Baltimore’s Children Struggle in Toxic Environment

Baltimore’s Children Struggle in Toxic Environment

By Regi Taylor Special to the AFRO

AFRO — “Our society has treated the abuse, maltreatment, violence, and chaotic experiences of our children as an oddity that is adequately dealt with by emergency response systems… These services are needed and are worthy of support—but they are a dressing on a greater wound…   Later, in childhood, adolescence, and adulthood [affected persons will develop] behavioral, learning, social, criminal, and chronic health problems.” 

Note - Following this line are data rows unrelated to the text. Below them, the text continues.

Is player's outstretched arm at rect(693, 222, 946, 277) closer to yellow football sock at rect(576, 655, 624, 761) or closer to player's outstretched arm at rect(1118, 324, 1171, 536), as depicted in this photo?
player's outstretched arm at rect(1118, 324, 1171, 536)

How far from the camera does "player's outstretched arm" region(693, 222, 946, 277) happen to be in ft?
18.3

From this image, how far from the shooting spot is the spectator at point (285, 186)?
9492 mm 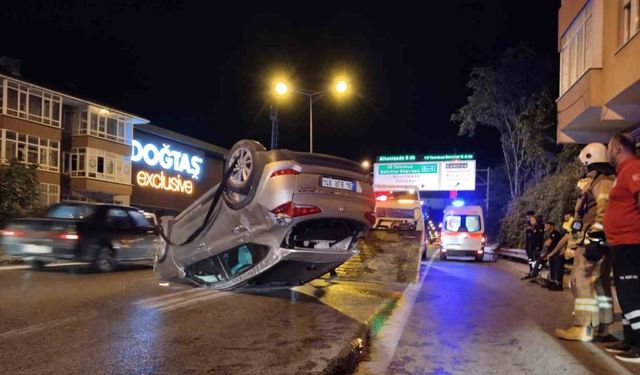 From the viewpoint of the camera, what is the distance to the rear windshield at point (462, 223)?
77.1 feet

This is the assessment of Dr. Robert Anda, M.D., one of the principal investigators of the Adverse Childhood Experiences Study (ACEs), conducted by the Maryland State Council on Child Abuse & Neglect in its annual report presented to Governor Hogan and the state legislature in June 2017.

According to the U.S. Centers for Disease Control (CDC) in Atlanta, “Childhood experiences, both positive and negative, have a tremendous impact on future violence victimization and perpetration, and lifelong health and opportunity.  Research in this area has been referred to as Adverse Childhood Experiences (ACEs), [which has] been linked to risky health behaviors, chronic health conditions, low life potential, and early death.  As the number of ACEs increases, so does the risk for these outcomes.”

Regi Taylor (LinkedIn Photo)

This evaluation is nowhere more applicable than to children of Baltimore City, where there’s a strong case for an epidemic of ACEs.  Looked at through this prism the crises in education, delinquency, violence, crime and substance abuse come clearly into focus.  Reports last year that zero students at thirteen Baltimore high schools demonstrated math proficiency should be investigated for the likelihood that Adverse Childhood Experiences played a role in those results.

Many behaviors attributed to Baltimore youth mimic the symptoms displayed by military personnel returning from war zones, described as Post Traumatic Stress Disorder or PTSD.  A case can be argued that the environment for too many of Baltimore’s children resembles a combat atmosphere. The unrelenting stressors encroaching these kids could be described as Contemporaneous Traumatic Stress Disorder, because it is felt 24/7 with no end in sight.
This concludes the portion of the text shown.